- Assigned task: Using the listing below, copy exactly each line from the one that has "Une piscine dont" through the one that has "Facebook CEO Mark"; omit the pictures.

- Data for review:
******************************
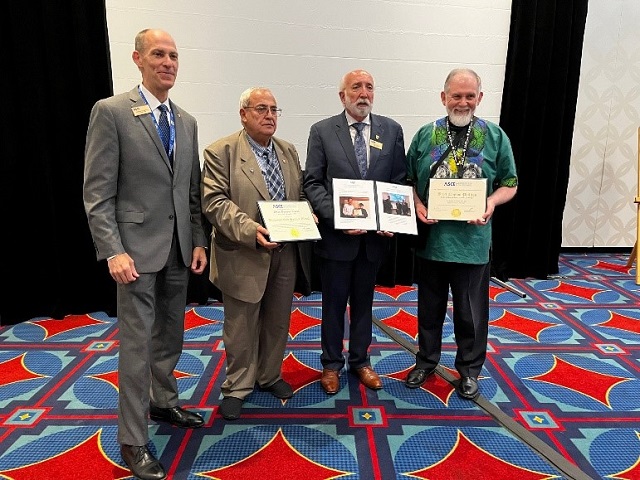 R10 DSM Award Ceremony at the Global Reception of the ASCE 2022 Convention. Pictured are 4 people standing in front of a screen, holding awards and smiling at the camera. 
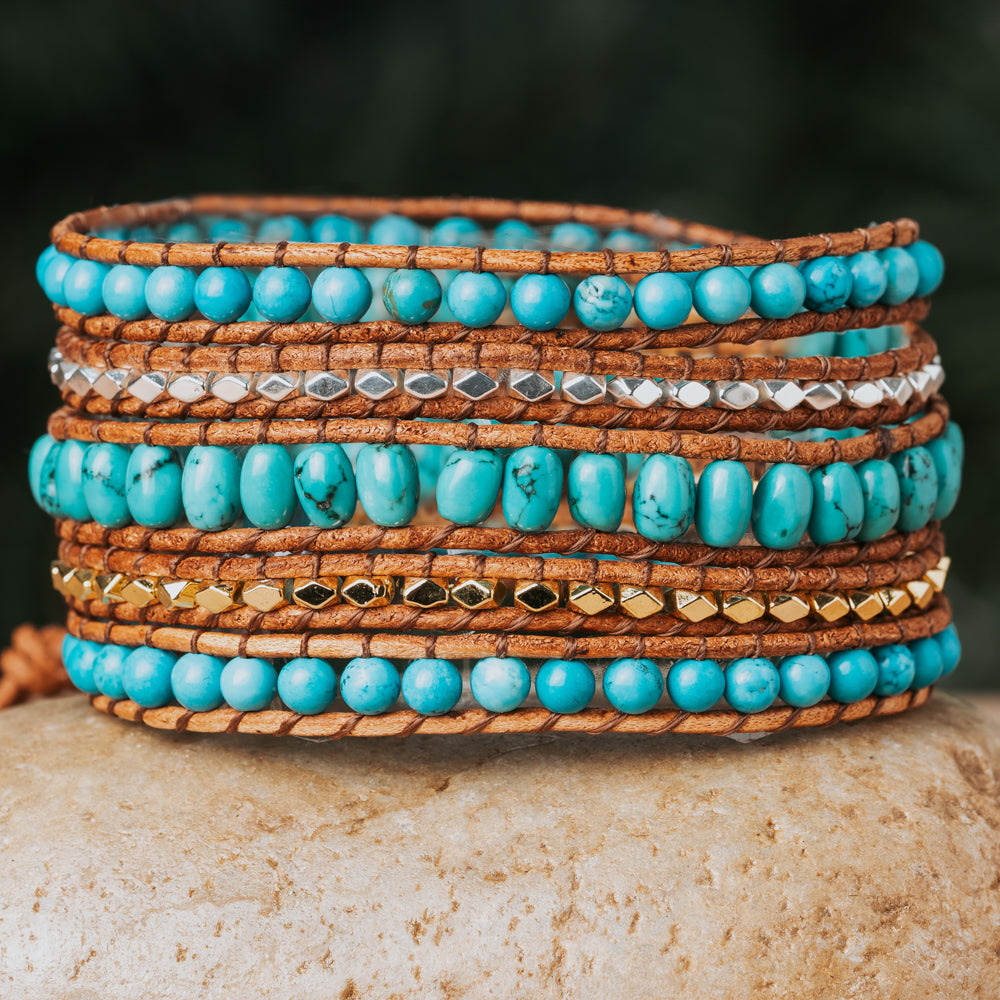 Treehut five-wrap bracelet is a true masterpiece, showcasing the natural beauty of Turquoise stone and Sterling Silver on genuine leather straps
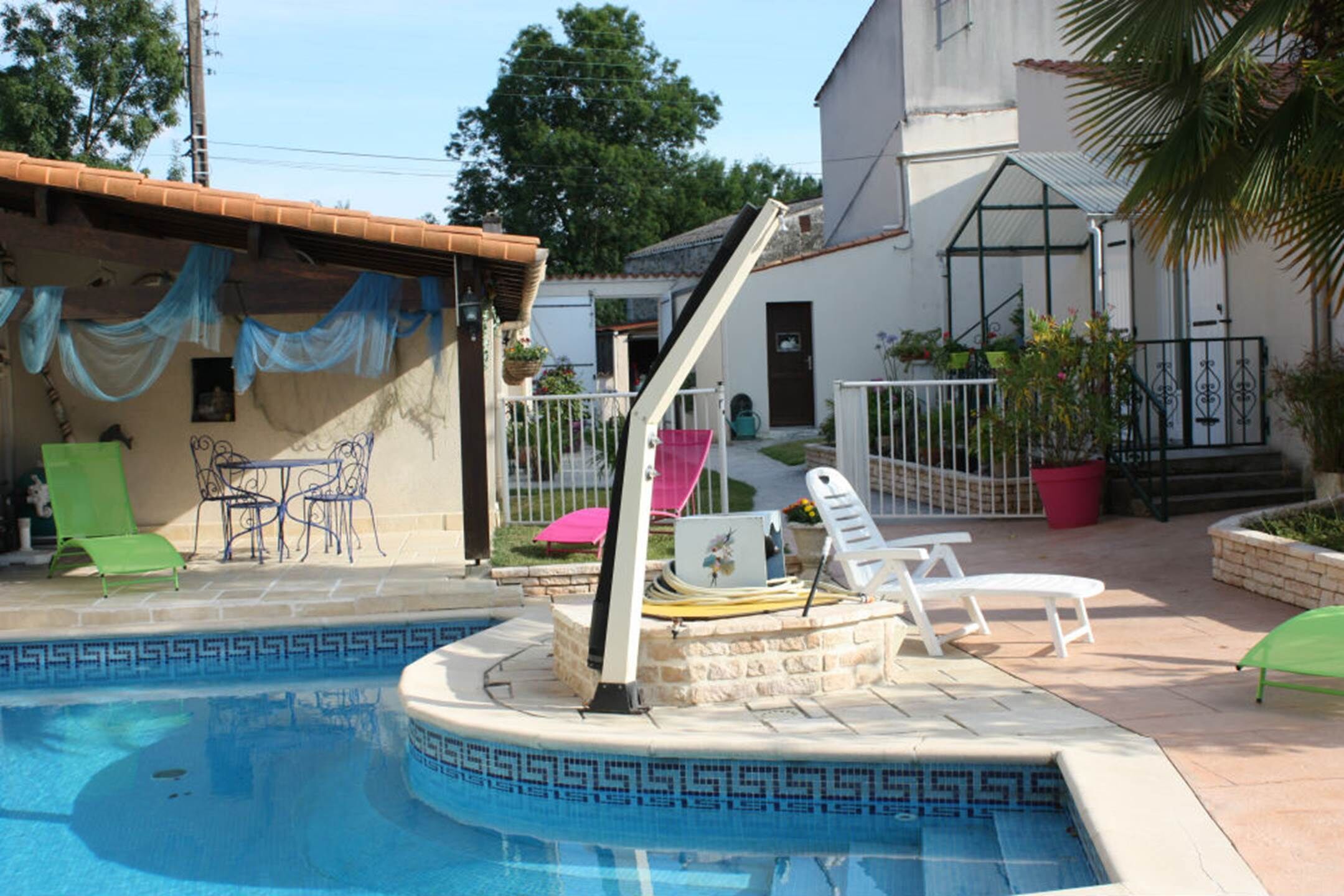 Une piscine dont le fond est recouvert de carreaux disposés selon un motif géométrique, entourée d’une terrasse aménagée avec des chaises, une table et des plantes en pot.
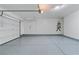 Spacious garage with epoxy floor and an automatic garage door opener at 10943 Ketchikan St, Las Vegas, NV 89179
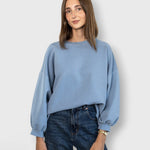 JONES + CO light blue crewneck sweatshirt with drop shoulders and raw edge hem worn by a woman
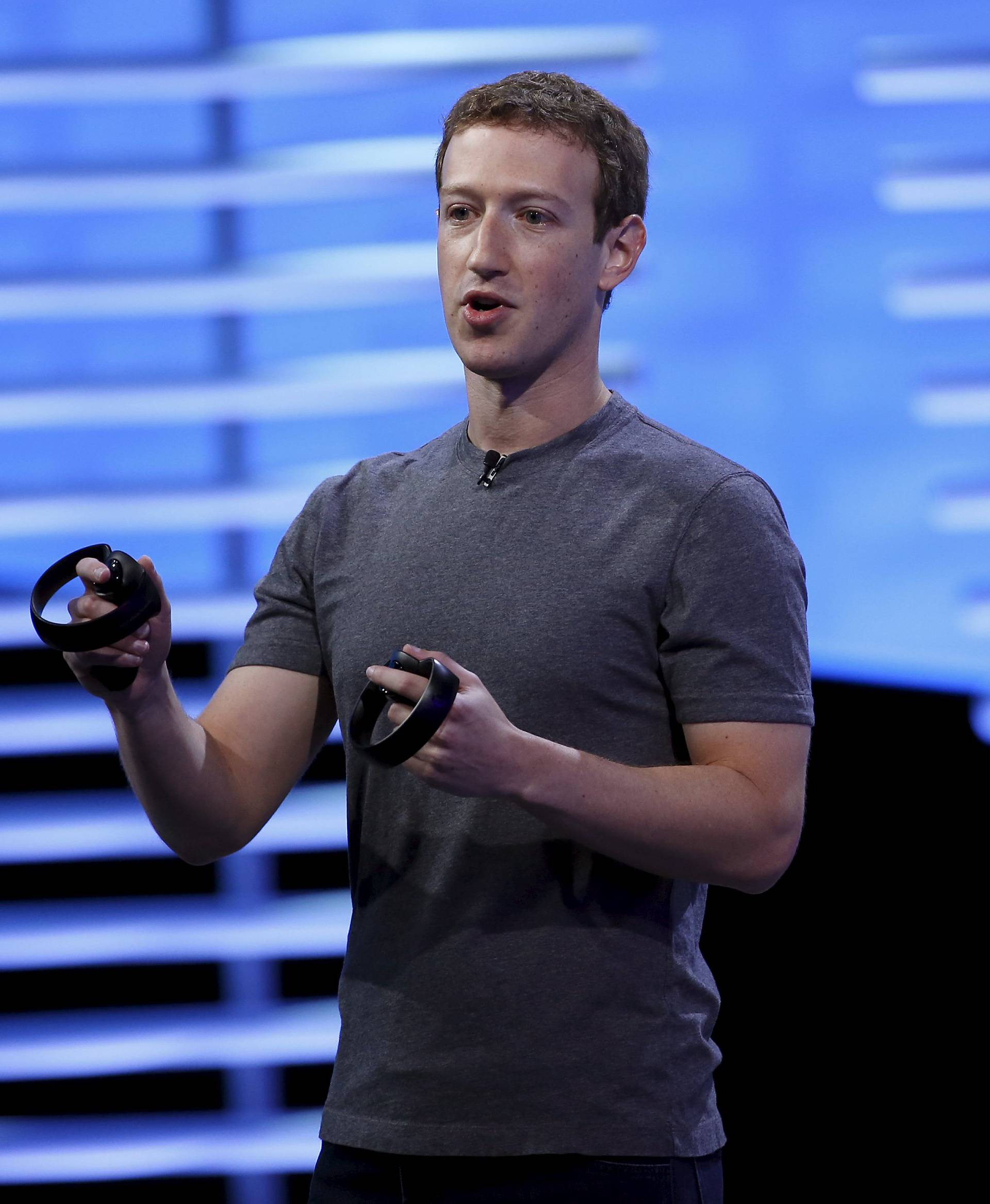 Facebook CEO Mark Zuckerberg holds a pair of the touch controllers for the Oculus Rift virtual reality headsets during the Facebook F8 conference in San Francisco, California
******************************
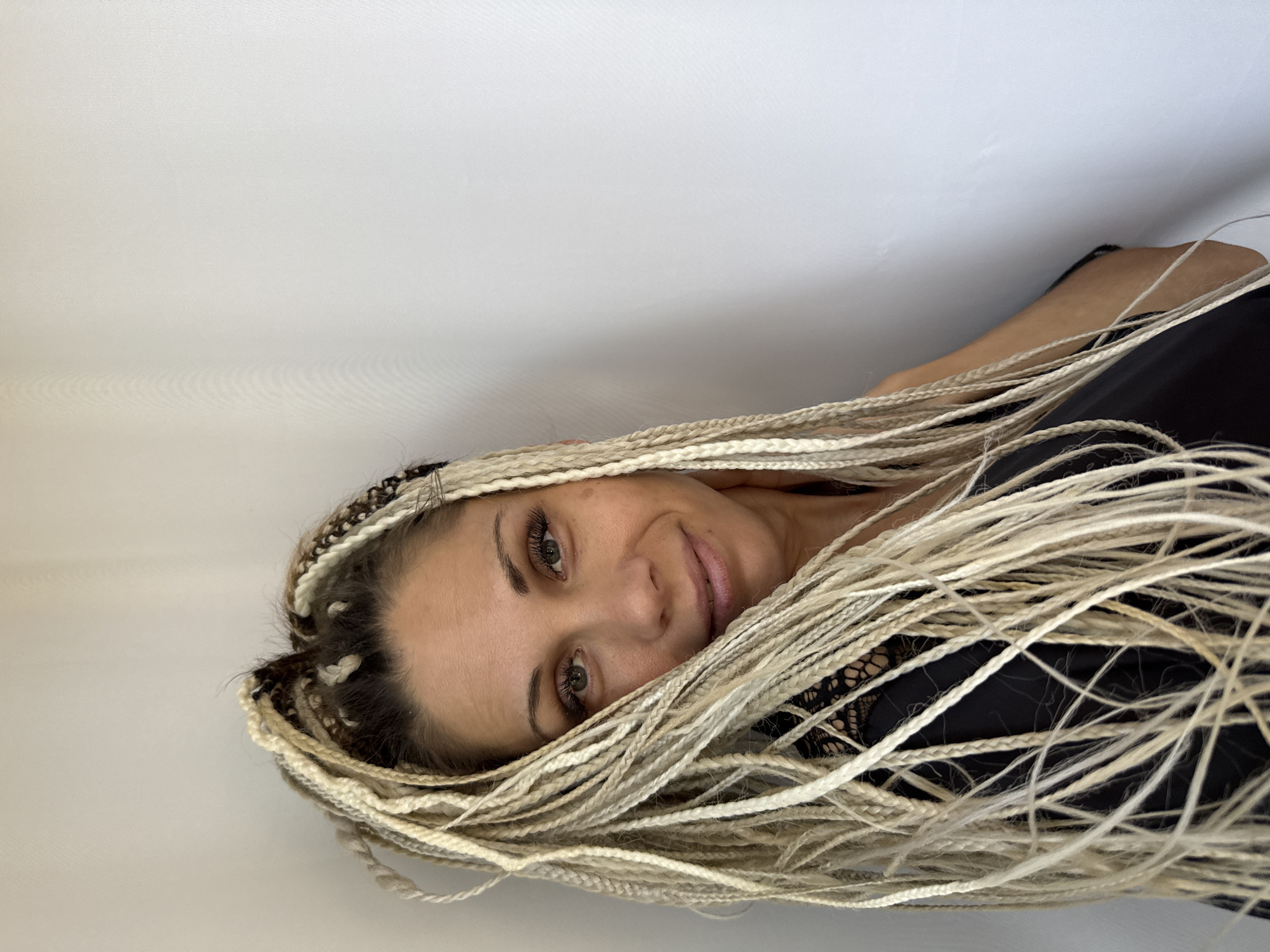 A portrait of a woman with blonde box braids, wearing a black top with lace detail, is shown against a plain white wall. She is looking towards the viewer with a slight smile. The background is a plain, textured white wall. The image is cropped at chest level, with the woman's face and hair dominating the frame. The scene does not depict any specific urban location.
******************************
- Task answer:
 Une piscine dont le fond est recouvert de carreaux disposés selon un motif géométrique, entourée d’une terrasse aménagée avec des chaises, une table et des plantes en pot.
 Spacious garage with epoxy floor and an automatic garage door opener at 10943 Ketchikan St, Las Vegas, NV 89179
 JONES + CO light blue crewneck sweatshirt with drop shoulders and raw edge hem worn by a woman
 Facebook CEO Mark Zuckerberg holds a pair of the touch controllers for the Oculus Rift virtual reality headsets during the Facebook F8 conference in San Francisco, California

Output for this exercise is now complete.